§ Caption-style text data
⁂

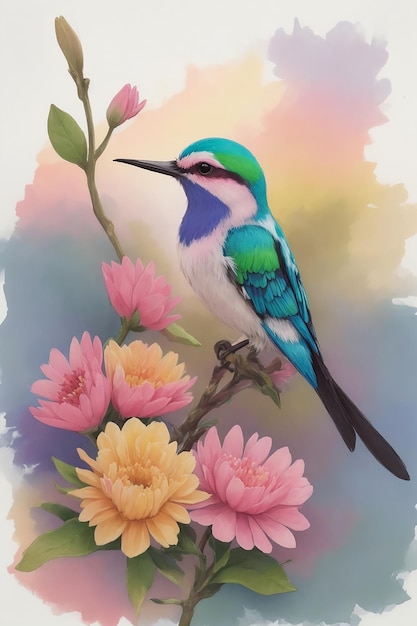Watercolor painting of sitting a beautiful hummingbird on the branch of colorful cosmos flowers tree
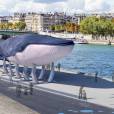 En marge de la COP21, l'opération "La baleine bleue" s'installe à Paris sur le Port du Gros Caillou le 30 novembre 2015.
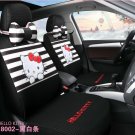Hello Kitty Cartoon Car Seat Covers Set Universal Car Interior White color Strip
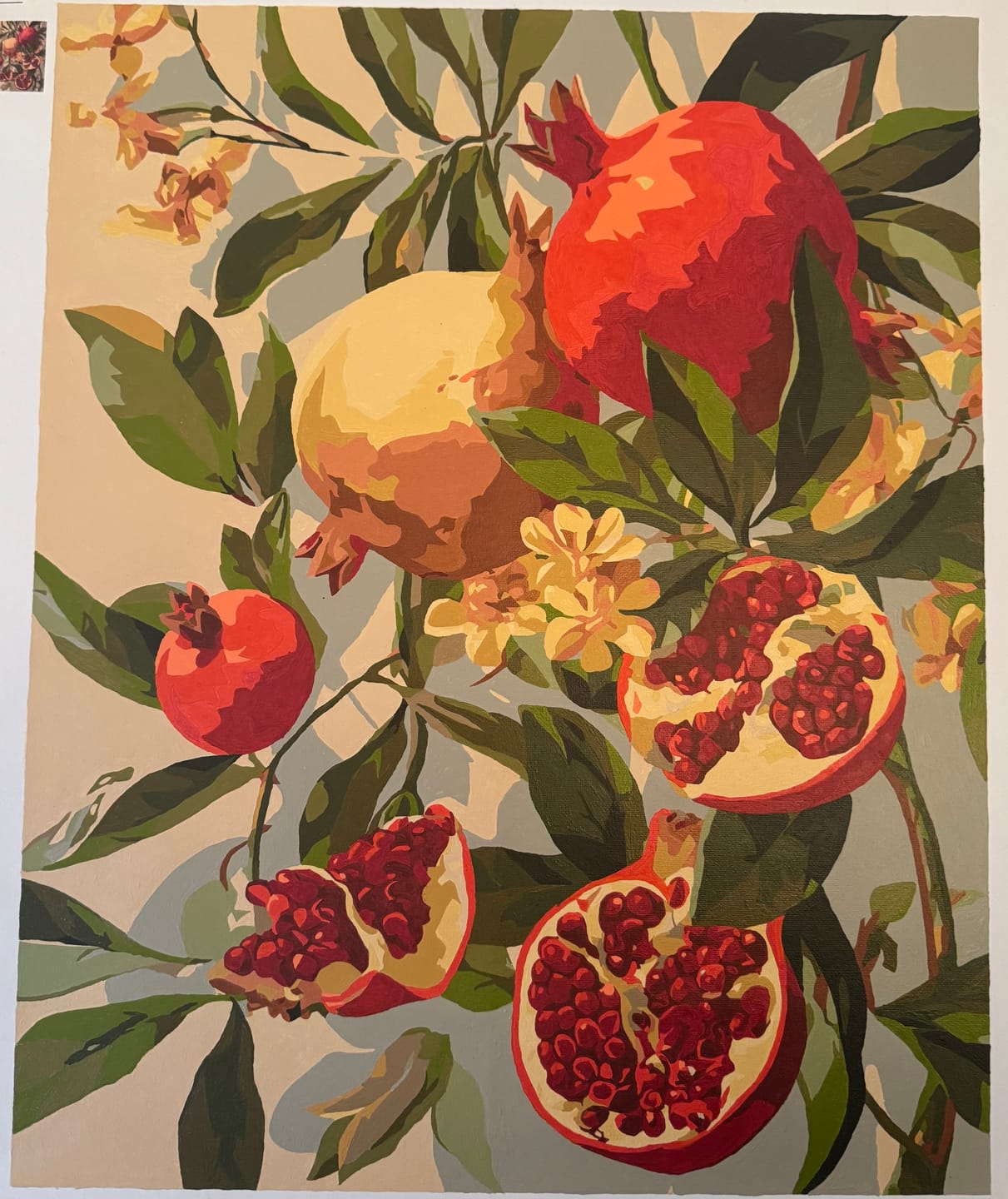 Customer photo review of Blooming pomegranates | Paint by Number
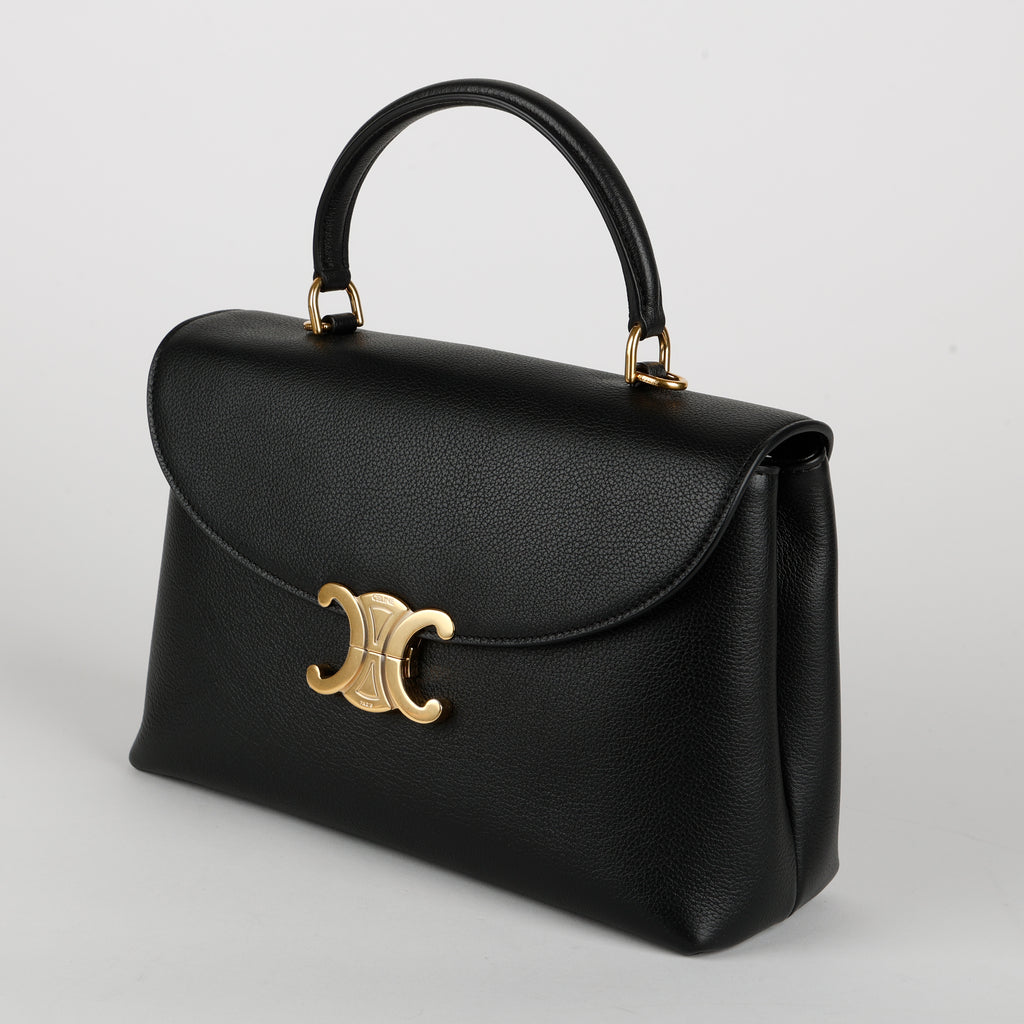 Medium Nino Bag, Black Grained Calfskin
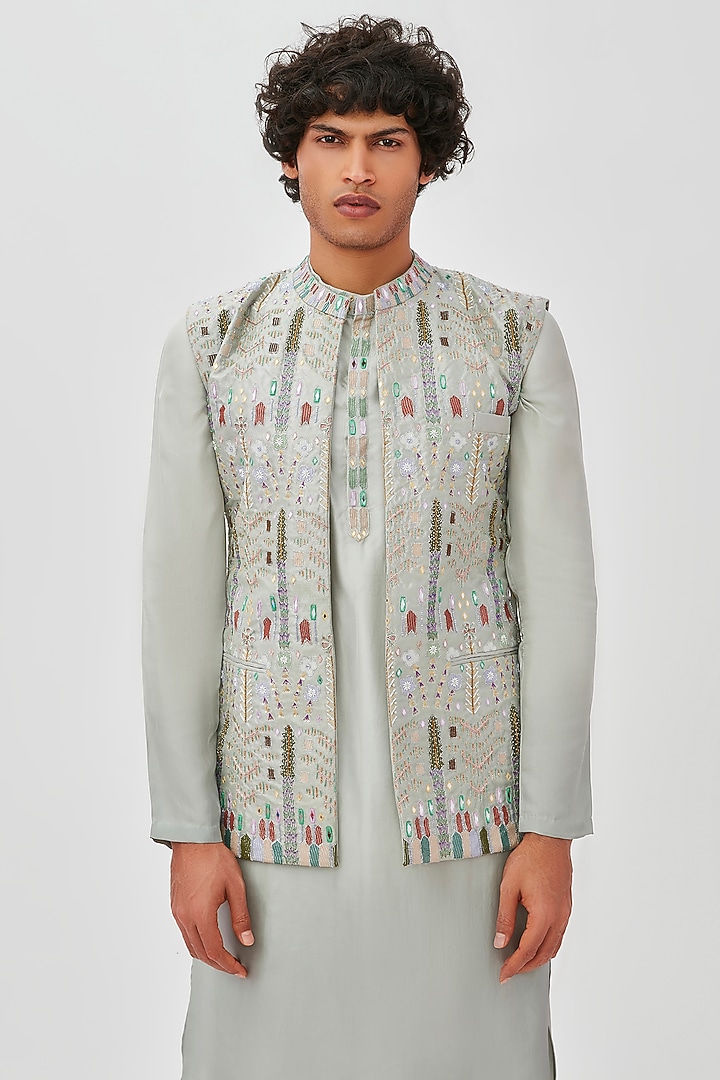 Grey Embellished Bundi Jacket Set by Aisha Rao Men at Pernia's Pop Up Shop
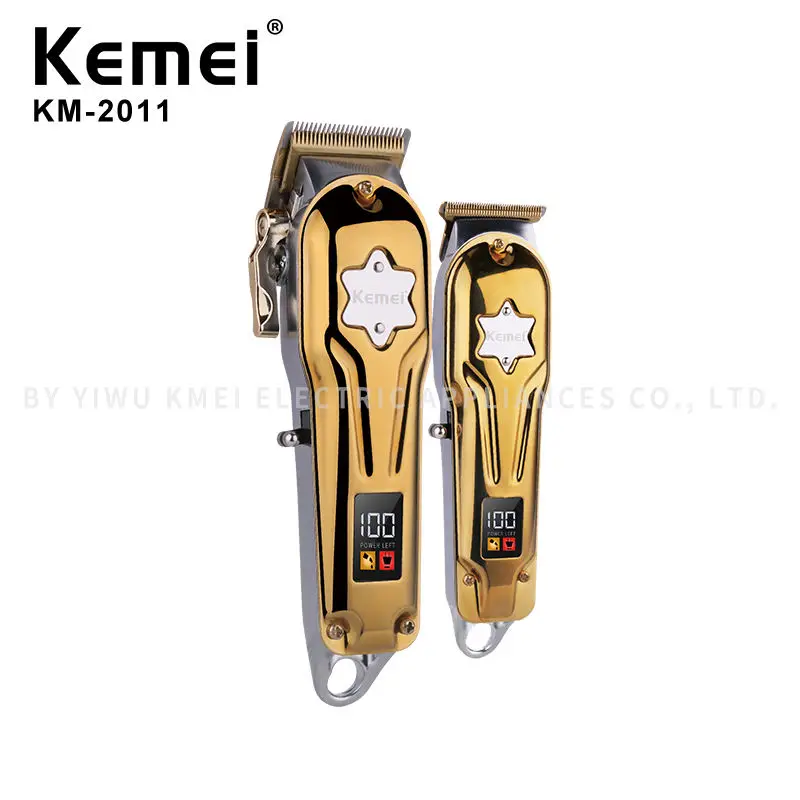 Kemei KM-2011 USB Charging Electric Trimmer Hair Clipper New Men's Two-Piece Suit LED Display Metal Barber Shop Accessories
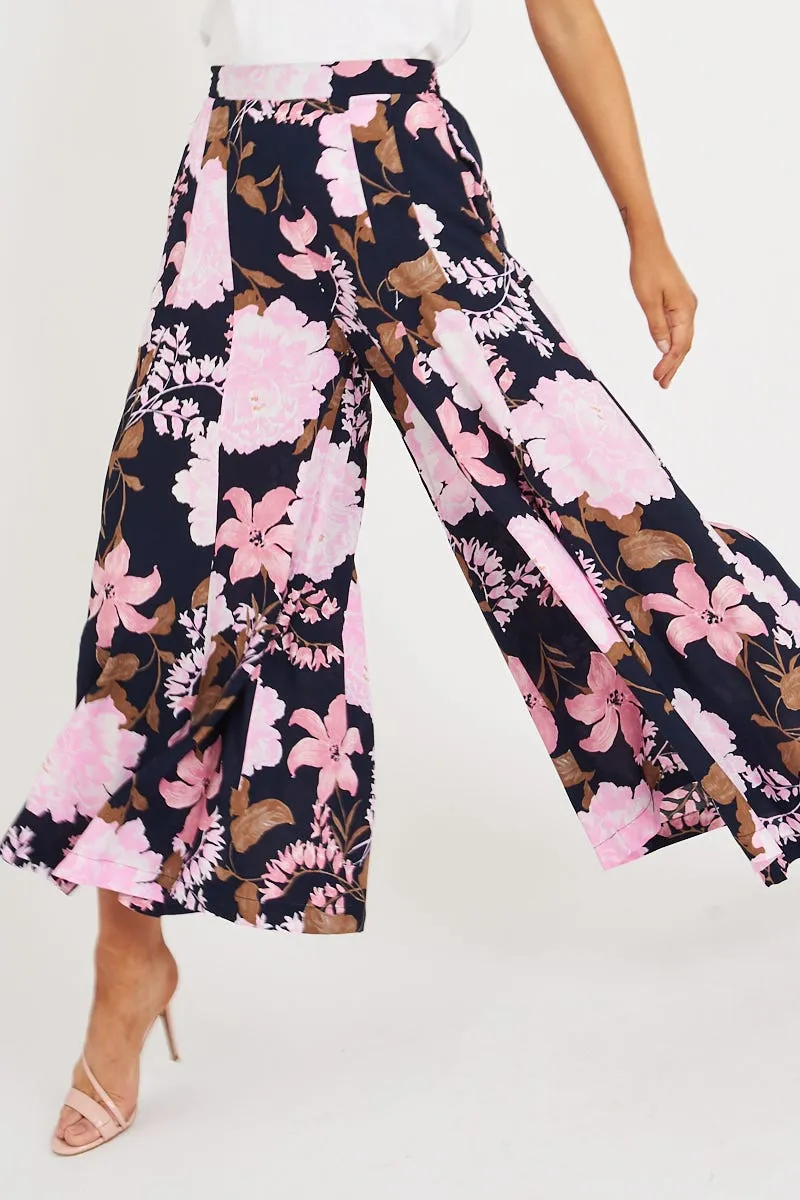 Sugary Pants in Navy with Pink and Lilac Floral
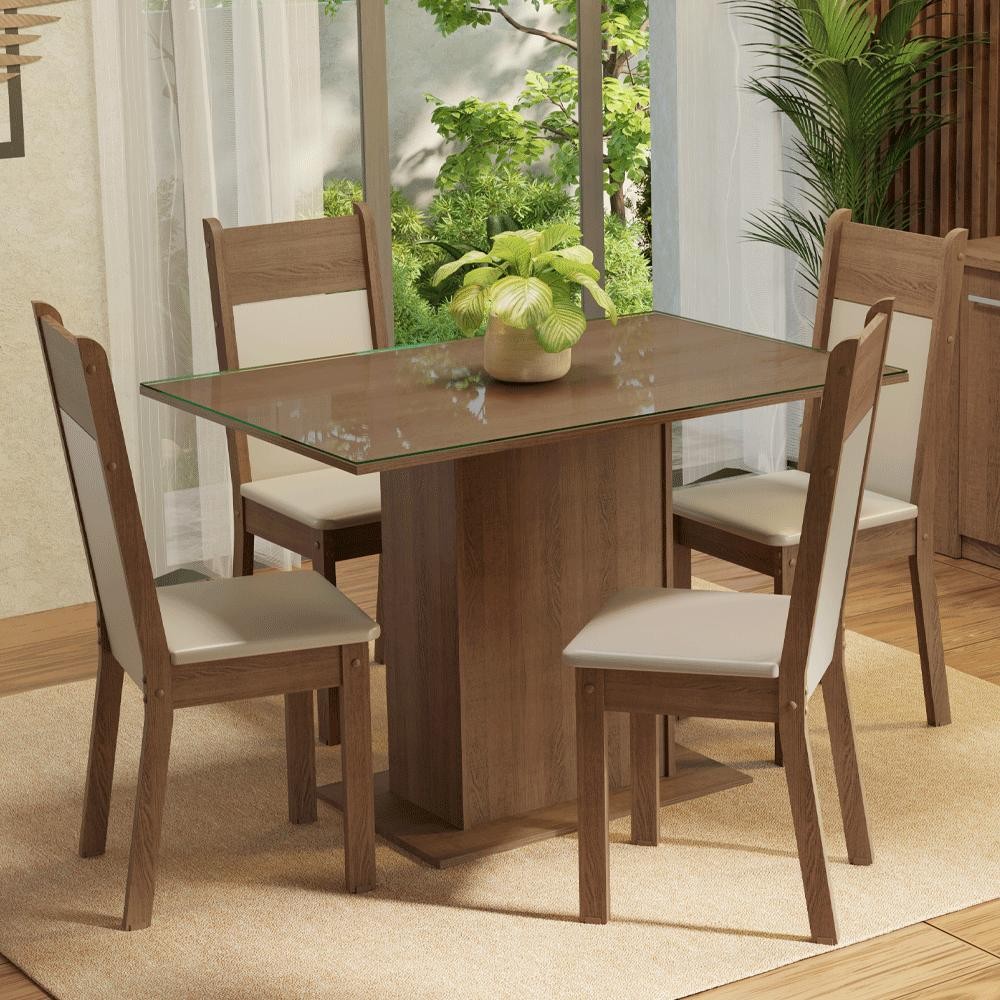 Conjunto Sala de Jantar Mesa Tampo de Vidro 4 Cadeiras Rustic/Crema/Bege Viena Madesa Conjunto Sala de Jantar Mesa Tampo de Vidro 4 Cadeiras Rustic/Crema/Bege Viena Madesa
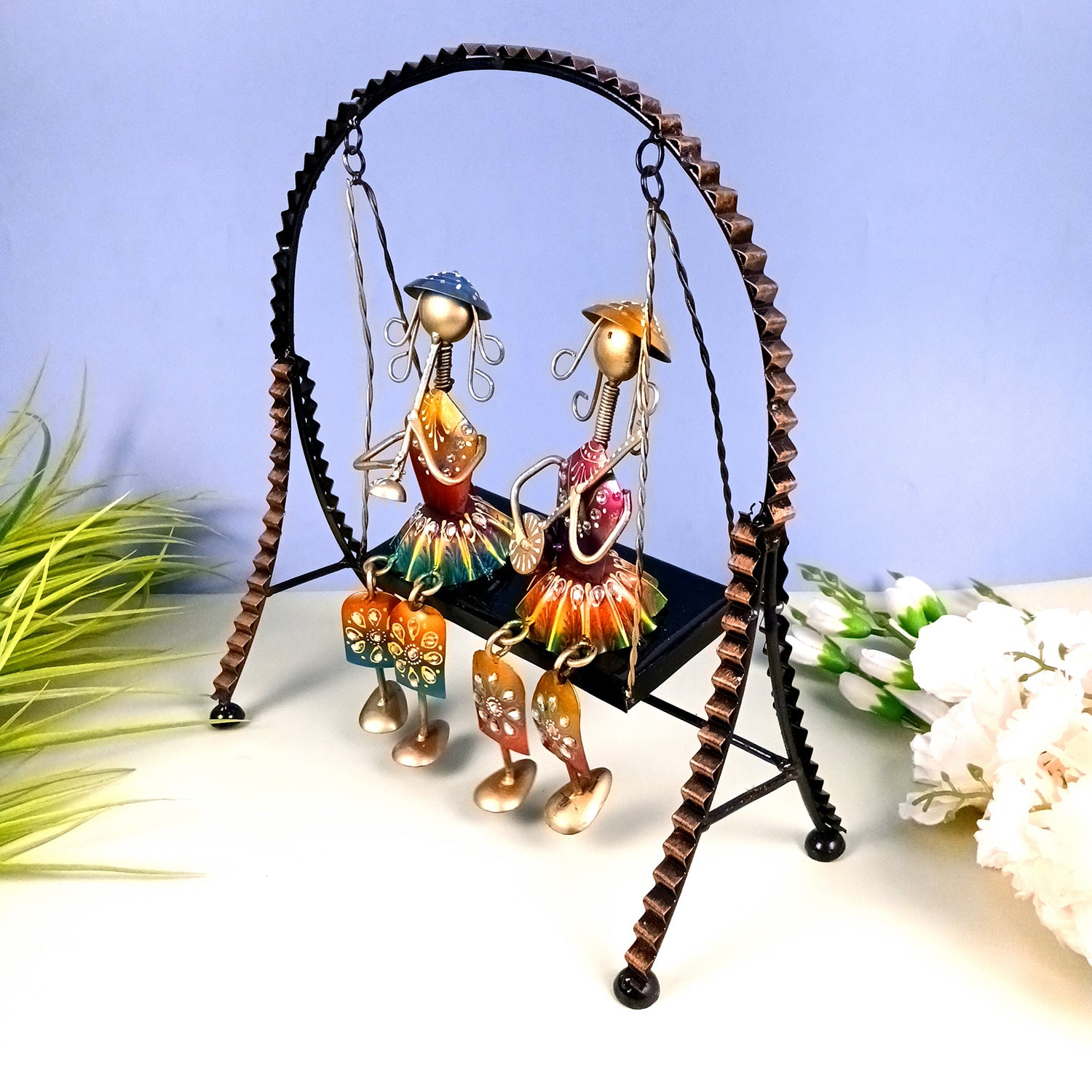 Musician Showpiece Sitting On Swing Design | Decorative Figurines With Hanging Legs - for Home, Bedroom, Living Room, Office, Table Decor & Gifts - Apkamart #Style_design 2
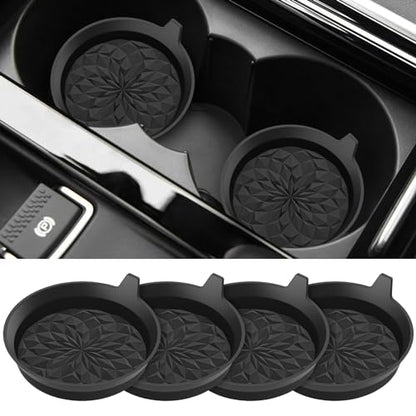 ME.FAN Car Cup Coasters [4 Pack] Silicone Cars Coasters - Universal Non-Slip Recessed Interior Accessories - Cup Holder Inserts Black - color: 4pack-black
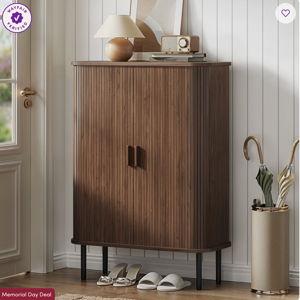 6-Tier Shoe Cabinet With Sliding Door & Adjustable Shelves For Entryway, Hallway, Living Room - Walnut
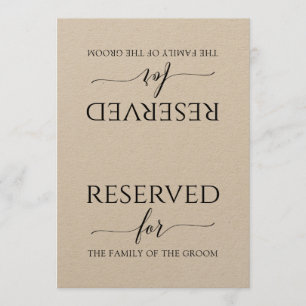 Romantic Calligraphy Reserved Sign Tent (Kraft) Kaart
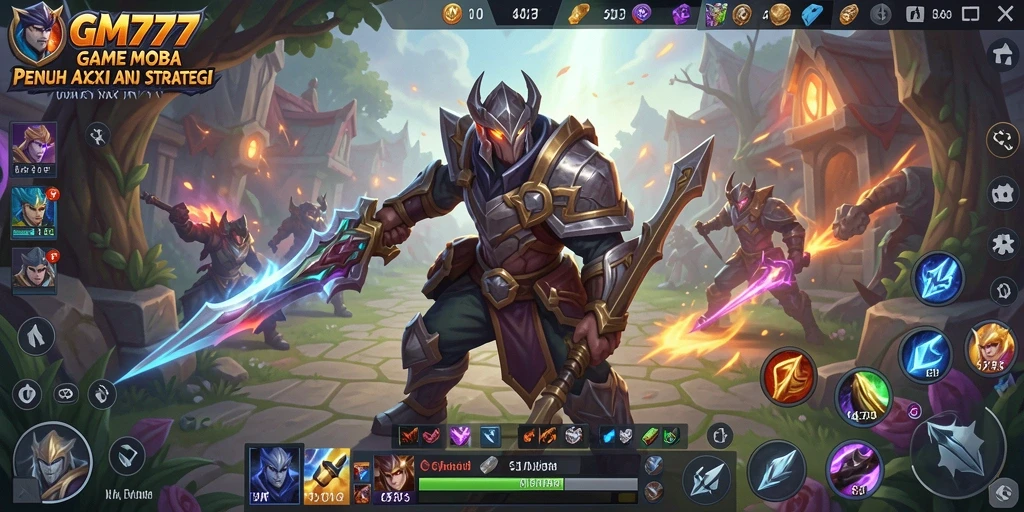 Tampilan gameplay seru dari GM777 yang penuh strategi MOBA.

⁂

§ WORK TASK
Return only the lines from the start of the data through the line that contains "Hello Kitty Cartoon", please, copying them exactly and omitting all pictures.

§ TASK RESULT
Watercolor painting of sitting a beautiful hummingbird on the branch of colorful cosmos flowers tree
 En marge de la COP21, l'opération "La baleine bleue" s'installe à Paris sur le Port du Gros Caillou le 30 novembre 2015.
Hello Kitty Cartoon Car Seat Covers Set Universal Car Interior White color Strip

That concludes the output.